Moscow's stock exchange (MICEX) had a market capitalisation of just over $500 million before the present crisis, far too little for a country with aspirations to be a great power. In the context of the newborn Eurasian Economic Union (EEU), there has been talk about promoting Kazakhstan's former capital Almaty, rather than Moscow, as the bloc’s financial hub.
Taken together, the relative weakness of the German and Russian stock markets suggests that an alliance - or even a merger - of the two would benefit both. Could Frankfurt look east instead of west?
Financial cooperation between Germany and Russia is not a new idea. Before the outbreak of the global crisis, on 21 December 2006, DB and MICEX actually signed a "cooperation agreement". Their cooperation gained momentum over the years, and benefited from the relatively smooth relations between the west and Russia in the early 2010s; the two exchanges signed a "letter of intent" on 16 November 2012 in the presence of Angela Merkel and Vladimir Putin.

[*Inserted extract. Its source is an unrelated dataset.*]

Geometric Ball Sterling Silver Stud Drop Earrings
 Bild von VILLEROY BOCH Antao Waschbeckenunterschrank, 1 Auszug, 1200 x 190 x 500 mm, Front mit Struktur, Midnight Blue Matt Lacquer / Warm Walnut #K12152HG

In those years, Russia saw Germany as a reliable player with which to deepen a strategic partnership and penetrate western markets, while Germany was interested in the opportunities of a country in full, if tumultuous, economic expansion. The outbreak of conflict in Ukraine then sealed off any further cooperation. DB spent much of 2014 seeking to expand in east Asia (where it is small by comparison with Shanghai-Hong Kong, Tokyo, and even Sydney and Shenzhen) and Africa (where countries such as China have an edge). In this financial environment a German-Russian capital market would make sense. A merger or alliance between the two stock exchanges might even be a stepping-stone towards reconciliation between the two European powers and, in a broader sense, between the European Union and Eurasia.
A new start
Some German politicians and leaders, including the ex-chancellors Helmut Schmidt and Gerhard Schröder) have called for a more conciliatory approach towards Russia. They cite the fact that economic sanctions on Russia are also hurting Germany, several central European member-states (Austria, Czech Republic, Hungary, Slovakia), and by extension the EU as a whole.
Germany’s foreign secretary, Frank-Walter Steinmeier of the Social Democratic Party (SPD), has consistently supported dialogue and compromise with Russia. In an interview with Der Spiegel on 23 December 2014, he said: "We need to make a new start at some stage. I have already suggested that we explore the option of a dialogue between the European Union and the Eurasian Economic Union. That would allow us to talk both about economic synergies and about how we deal with conflicts of interest.”
In the views of such figures, the new start would mean not giving in to Putin’s requests but promoting a kind of new Ostpolitik - referring to the opening to the Soviet bloc pursued by the West German government of Willy Brandt in the 1970s - in which firmness and realism go hand-in-hand with deep understanding of Russia’s politics and history.
A new start is indeed badly needed. Russian and German fragilities on their own make a fresh rapprochement between Moscow and Berlin desirable. On a wider stage, the EU and Russia have at some point to restart cooperation across a range of shared interests - security, diplomacy, business, culture, and education. A recharge would also boost the EU’s self-confidence and independence from decisions which are often taken in Washington and enjoy little European support. The creation of a common financial hub would be an opportunity to become more independent from American and Chinese dominance in global exchanges. Will European and Russian leaders take note?